- _Extracted records_:
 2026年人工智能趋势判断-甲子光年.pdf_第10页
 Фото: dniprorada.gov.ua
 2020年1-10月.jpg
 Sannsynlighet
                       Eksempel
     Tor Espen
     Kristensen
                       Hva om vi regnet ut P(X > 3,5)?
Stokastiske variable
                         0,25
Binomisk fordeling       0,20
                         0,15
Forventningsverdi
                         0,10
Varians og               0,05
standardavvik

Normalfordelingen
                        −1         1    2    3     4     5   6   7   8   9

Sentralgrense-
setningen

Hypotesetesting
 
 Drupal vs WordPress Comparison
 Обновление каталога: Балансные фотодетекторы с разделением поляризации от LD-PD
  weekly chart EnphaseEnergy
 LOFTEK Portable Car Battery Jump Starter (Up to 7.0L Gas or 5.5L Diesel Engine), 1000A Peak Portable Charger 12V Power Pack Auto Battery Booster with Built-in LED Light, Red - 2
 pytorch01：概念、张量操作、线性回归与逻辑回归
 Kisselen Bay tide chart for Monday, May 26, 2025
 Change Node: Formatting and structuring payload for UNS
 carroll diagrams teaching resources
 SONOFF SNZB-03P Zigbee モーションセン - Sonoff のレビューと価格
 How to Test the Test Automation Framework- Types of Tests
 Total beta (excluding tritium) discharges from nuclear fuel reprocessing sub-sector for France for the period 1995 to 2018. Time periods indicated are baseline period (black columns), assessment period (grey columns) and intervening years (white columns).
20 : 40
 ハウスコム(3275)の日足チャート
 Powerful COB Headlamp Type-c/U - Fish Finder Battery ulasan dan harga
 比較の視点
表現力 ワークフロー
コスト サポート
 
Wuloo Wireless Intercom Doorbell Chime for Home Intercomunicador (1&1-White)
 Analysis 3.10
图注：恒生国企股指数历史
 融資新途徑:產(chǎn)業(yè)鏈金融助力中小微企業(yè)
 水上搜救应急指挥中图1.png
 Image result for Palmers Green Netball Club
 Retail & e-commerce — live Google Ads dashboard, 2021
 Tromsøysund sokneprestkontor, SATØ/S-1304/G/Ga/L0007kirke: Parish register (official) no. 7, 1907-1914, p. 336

- _Problem statement_:
What lines in the records contain the word "Battery"? Return each one.

- _Answer for the task_:
 LOFTEK Portable Car Battery Jump Starter (Up to 7.0L Gas or 5.5L Diesel Engine), 1000A Peak Portable Charger 12V Power Pack Auto Battery Booster with Built-in LED Light, Red - 2
 Powerful COB Headlamp Type-c/U - Fish Finder Battery ulasan dan harga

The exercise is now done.